Gracias, Danke, Taks, dans toutes les langues, «Merci», exprimé fréquemment, encourage, resserre les liens d’amitié et nous élève à un niveau supérieur sur notre chemin vers la perfection. Il y a de la simplicité, de la sincérité, quand on dit «merci».

La beauté et l’éloquence d’une expression de gratitude se manifestent dans un article paru dans un journal il y a quelques années:

Vendredi, la police du district de Columbia a procédé à la vente aux enchères de cent bicyclettes non réclamées. «Un dollar», a lancé un garçon de onze ans, quand les enchères ont commencé pour le premier vélo. Mais les enchères sont montées beaucoup plus haut. «Un dollar» répétait le garçon, plein d’espoir, chaque fois qu’on présentait un nouveau vélo.

Le commissaire-priseur, qui vendait depuis 43 ans des vélos volés ou perdus, a remarqué que les espoirs du garçon semblaient plus vifs quand on présentait un vélo de course.
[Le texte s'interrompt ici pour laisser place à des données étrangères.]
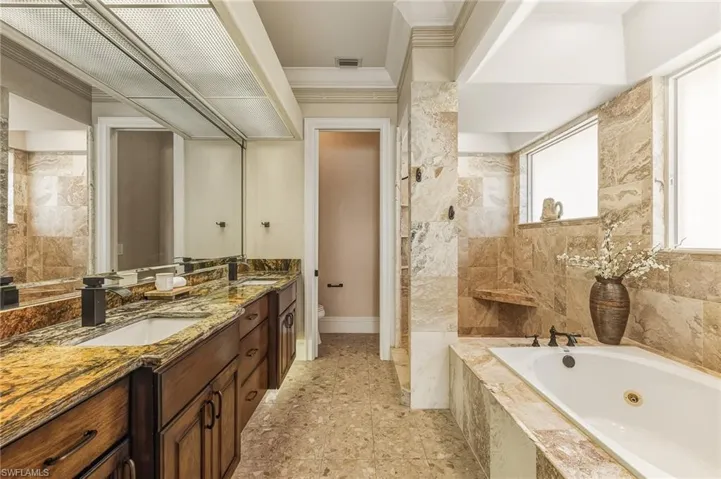 Full bathroom with ornamental molding, double vanity, and a whirlpool tub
Enfin, il n’y a plus eu qu’un vélo de course. L’enchère est montée jusqu’à huit dollars. «Vendu pour neuf dollars au garçon, là-bas! a dit le commissaire-priseur. Il a sorti huit dollars de sa poche et a demandé au garçon de lui donner son dollar. Le garçon l’a donné en petite monnaie, a pris son vélo, et s’est préparé à partir. Mais il n’a fait que quelques pas. Après avoir soigneusement garé son tout nouveau bien, il a fait demi-tour, et, plein de reconnaissance, s’est jeté dans les bras du commissaire et a fondu en larmes.

Quand, pour la dernière fois, avons-nous éprouvé une gratitude aussi profonde que celle du garçon? Les gestes qu’on fait en notre faveur ne sont peut-être pas aussi poignants, mais certainement il y a des gestes pleins de gentillesse qui méritent que nous exprimions notre gratitude.

Le chant qu’on entonnait souvent à l’Ecole du Dimanche quand j’étais enfant nous inculquait la reconnaissance jusqu’au tréfonds de l’âme.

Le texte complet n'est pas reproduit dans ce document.